On this blog I've tried to keep things grounded in reality, though I have at times tried to look for alternative approaches and new avenues that could present opportunities for the UK. I've not knowingly misled, though I may have overemphasised. There's a certain amount of creative spin when trying to be persuasive. Consequently, I know bullshit when I see it.

I have previously argued that the gravity model was more of a guide than a rule and that it tends to apply mainly to goods, but further reading shows that services still largely conform to the rule. There are exceptions but that weightless digital future is overstated. There's geographic gravity and then there's language gravity.

But even if that were not the case, it is not, as Cummings believes, virgin territory. The digital frontier is not divorced from other modes of trade. The same familiar themes emerge - intellectual property, data protection, e-commerce, trade facilitation, regulatory harmonisation and standards. There is even a high degree of digital protectionism which is difficult to combat and difficult to prove.
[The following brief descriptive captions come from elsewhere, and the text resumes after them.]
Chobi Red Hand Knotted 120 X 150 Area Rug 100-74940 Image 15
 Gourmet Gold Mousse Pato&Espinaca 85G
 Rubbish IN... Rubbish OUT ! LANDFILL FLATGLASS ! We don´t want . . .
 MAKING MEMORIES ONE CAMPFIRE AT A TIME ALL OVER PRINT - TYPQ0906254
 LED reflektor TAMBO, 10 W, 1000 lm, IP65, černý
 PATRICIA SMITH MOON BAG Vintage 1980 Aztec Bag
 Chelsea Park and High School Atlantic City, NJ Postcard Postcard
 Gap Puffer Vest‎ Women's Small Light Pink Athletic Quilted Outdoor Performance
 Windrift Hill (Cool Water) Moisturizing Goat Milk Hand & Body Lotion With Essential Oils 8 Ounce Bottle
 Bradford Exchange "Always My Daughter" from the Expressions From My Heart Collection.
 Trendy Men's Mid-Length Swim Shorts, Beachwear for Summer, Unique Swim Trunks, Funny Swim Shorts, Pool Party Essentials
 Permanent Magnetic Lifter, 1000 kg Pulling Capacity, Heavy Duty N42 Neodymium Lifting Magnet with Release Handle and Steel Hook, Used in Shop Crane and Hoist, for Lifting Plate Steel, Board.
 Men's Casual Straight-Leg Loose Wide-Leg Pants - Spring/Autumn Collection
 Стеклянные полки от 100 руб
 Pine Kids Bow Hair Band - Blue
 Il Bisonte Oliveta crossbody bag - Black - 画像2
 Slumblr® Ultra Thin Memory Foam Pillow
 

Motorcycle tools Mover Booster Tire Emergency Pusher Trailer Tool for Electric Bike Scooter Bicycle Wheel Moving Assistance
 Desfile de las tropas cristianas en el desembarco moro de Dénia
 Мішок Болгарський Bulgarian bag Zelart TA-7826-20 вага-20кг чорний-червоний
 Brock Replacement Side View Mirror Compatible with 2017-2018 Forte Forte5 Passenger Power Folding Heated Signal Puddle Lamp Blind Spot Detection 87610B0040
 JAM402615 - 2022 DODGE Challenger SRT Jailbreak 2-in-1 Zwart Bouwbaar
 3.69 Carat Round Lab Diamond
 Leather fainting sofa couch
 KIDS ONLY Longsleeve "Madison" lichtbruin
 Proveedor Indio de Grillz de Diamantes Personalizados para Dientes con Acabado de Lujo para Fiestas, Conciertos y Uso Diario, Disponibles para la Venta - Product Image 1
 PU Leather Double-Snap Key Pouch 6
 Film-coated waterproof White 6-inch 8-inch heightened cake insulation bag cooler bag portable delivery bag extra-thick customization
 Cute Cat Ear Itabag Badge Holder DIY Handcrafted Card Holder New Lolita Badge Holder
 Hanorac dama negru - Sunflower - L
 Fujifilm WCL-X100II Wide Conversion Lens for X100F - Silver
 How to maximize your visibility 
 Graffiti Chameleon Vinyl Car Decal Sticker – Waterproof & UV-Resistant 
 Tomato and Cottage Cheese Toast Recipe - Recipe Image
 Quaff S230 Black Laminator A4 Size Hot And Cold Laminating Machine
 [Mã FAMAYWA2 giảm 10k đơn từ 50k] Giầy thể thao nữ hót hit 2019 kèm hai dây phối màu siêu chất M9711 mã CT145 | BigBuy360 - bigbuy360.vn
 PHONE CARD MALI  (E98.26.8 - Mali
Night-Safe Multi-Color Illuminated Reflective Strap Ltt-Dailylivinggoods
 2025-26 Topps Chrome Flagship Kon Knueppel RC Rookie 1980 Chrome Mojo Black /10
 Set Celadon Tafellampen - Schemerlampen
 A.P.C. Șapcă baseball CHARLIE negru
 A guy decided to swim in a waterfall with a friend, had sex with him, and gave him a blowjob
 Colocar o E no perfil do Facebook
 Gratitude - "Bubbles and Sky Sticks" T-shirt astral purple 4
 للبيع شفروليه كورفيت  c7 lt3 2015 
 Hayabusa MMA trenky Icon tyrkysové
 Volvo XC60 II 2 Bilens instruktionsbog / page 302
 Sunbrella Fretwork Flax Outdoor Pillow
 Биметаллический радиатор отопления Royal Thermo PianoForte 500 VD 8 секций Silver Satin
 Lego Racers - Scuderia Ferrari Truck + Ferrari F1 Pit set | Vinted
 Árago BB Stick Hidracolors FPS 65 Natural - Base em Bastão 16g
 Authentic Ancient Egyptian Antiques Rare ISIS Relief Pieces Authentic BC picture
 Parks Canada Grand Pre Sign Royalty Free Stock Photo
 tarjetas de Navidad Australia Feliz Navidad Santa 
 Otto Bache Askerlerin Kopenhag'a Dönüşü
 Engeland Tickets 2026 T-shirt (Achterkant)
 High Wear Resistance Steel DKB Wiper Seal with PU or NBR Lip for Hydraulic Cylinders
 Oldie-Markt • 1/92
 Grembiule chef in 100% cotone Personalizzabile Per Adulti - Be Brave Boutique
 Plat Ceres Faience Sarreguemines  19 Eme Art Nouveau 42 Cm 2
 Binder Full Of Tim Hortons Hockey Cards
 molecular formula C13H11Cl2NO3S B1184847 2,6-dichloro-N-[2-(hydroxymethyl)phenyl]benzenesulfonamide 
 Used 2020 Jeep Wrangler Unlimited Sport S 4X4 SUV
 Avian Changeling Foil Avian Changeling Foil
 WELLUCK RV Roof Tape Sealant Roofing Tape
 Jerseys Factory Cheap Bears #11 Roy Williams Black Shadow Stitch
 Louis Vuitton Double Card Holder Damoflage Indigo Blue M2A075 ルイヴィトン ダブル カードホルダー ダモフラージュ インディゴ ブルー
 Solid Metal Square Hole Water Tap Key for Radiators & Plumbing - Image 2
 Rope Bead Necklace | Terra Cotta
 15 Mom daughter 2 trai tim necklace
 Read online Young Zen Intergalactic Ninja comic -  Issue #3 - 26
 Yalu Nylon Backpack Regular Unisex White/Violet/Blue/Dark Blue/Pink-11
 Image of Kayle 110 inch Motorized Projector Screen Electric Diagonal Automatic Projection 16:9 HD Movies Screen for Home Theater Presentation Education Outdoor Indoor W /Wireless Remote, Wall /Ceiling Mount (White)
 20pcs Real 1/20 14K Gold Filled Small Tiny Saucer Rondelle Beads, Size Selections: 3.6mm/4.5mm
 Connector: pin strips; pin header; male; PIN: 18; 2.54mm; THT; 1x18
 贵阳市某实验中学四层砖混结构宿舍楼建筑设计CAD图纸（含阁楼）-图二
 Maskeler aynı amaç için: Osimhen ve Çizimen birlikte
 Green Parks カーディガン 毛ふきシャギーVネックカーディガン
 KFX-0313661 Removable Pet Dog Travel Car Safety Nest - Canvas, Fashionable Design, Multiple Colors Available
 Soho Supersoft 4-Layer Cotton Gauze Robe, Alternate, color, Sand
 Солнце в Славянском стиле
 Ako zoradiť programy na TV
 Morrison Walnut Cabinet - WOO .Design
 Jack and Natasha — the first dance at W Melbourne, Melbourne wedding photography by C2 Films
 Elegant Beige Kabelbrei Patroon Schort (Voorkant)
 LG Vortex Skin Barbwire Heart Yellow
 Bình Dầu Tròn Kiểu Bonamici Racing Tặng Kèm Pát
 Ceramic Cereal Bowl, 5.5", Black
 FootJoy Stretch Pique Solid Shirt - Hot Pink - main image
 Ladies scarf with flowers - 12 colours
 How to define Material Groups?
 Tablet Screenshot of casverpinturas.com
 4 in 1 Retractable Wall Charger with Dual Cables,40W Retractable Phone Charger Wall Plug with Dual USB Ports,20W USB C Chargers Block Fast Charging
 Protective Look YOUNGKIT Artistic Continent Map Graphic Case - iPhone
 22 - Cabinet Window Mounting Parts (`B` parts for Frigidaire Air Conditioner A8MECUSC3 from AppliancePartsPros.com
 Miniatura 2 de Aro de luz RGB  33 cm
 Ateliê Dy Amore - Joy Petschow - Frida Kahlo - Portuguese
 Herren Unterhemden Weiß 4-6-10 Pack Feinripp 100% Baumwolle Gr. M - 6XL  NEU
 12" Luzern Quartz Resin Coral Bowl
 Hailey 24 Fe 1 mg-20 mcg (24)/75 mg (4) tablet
Cummings believes that the stodgy old EU is a dinosaur protecting its physical markets, while being left behind in a hi-tech space race. But he's wrong. Far from being virgin territory, it's very much EU occupied territory. In the digital tech space race the EU is well ahead of the game in terms of regulation and standards, working toward the digital single market where again, if the UK wants to participate in lucrative markets, the UK will find itself a "rule taker".

But with the trade debate having obsessed over tariffs and borders, and most people's perception of trade being lorries moving tins of beans on Ro-Ro ferries, this stuff doesn't get a look in, so flim-flam artists like Cummings and Singham can fill the airwaves with baseless bloviation. With the Telegraph and Spectator convinced of their genius, they are all to happy to retail this smoke and mirrors campaign - and their readers are all to happy to believe it. They then have the ground cover to ignore all the warnings. There is nothing quite so malleable as a Tory hearing what they want to hear.